Armenia's Energy Minister Arur Grigoryan told reporters last week that the government had permission from the European Union to proceed with refurbishment projects that would extend the life of the country's nuclear power plant until 2026, according to news reports.
“We have agreed the extension of the service of the nuclear power plant with the European Union and today this issue does not worry us,” said the minister, who explained the agreement was part of the Comprehensive and Enhanced Partnership Agreement (CEPA) that was signed in November 2017 and goes into effect when all 28 European Union member states ratify it.
The Metsamor NPP, constructed in the 1970s, includes two VVER 44-V230 light water reactors that are scheduled for extensive repairs and upgrades.
The plant was closed after an earthquake in 1988, but one reactor was reactivated in 1995 while the country experienced severe energy shortages, according to Nuclear Engineering International.
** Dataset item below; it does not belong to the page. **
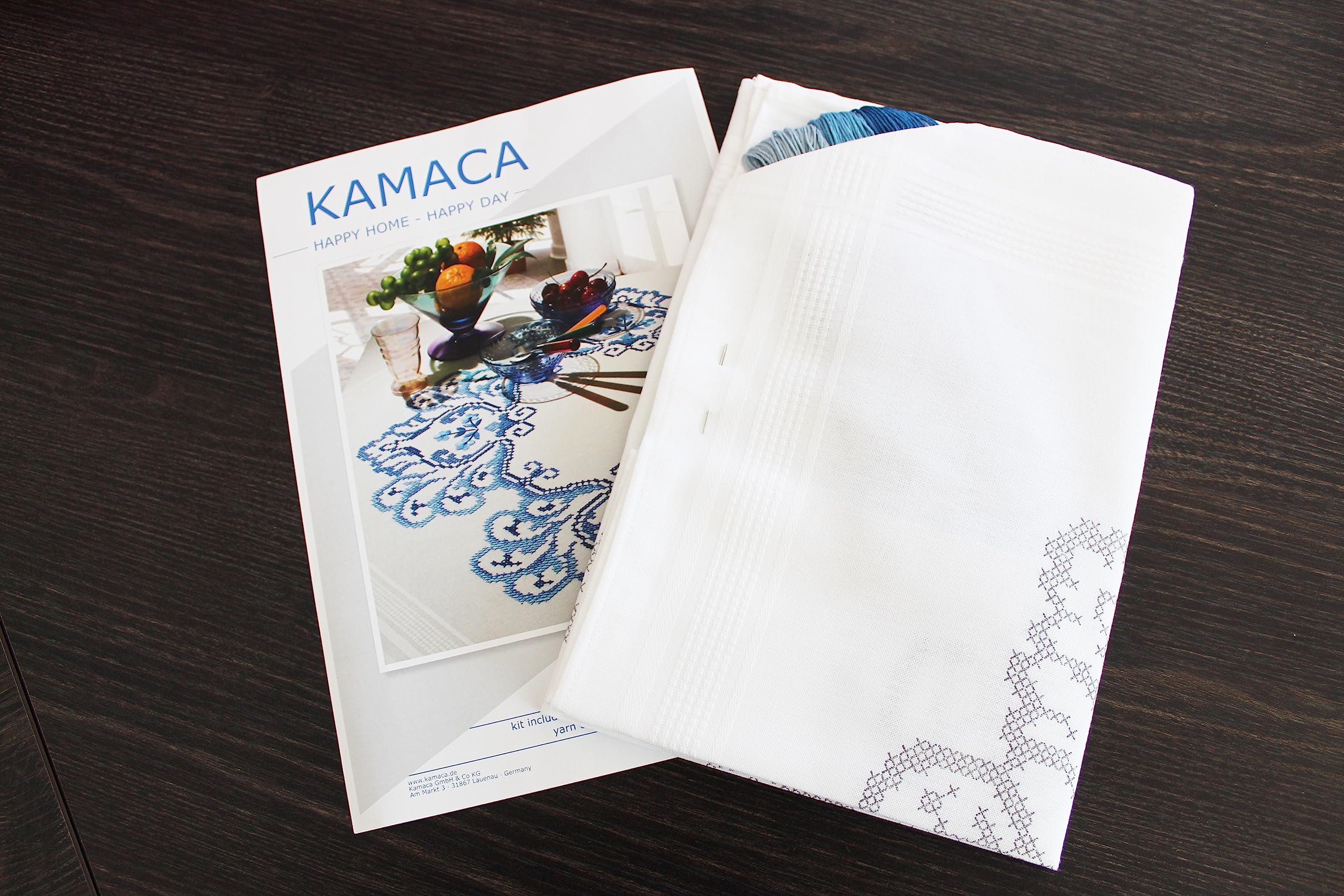 Kamaca - Set per ricamo a punto croce, tovaglia con motivo fiori classici, in cotone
The projects, which are already underway, are contracted to Rosatom subsidiary Rustatom Service. Partial upgrades on turbine 4 at Metsamor 2, including condenser and separator replacement) was begun in April. On June 1, work will begin on turbine 3, which will include upgrades of the high and low cylinders and replacement of a generator., leads and main transformer, as well as the auxiliary systems equipment.
The reactor is expected to be restarted in early August after a partially upgraded turbo system. When completed, work in 2018 is expected to add 10 percent more capacity due to increased turbine efficiency.
With new Russian made generators (made by OJSC Power Machines of St. Petersburg), the output is expected to jump to 3.0-3.3 TWh from the current output of 2.3-2.5TWh.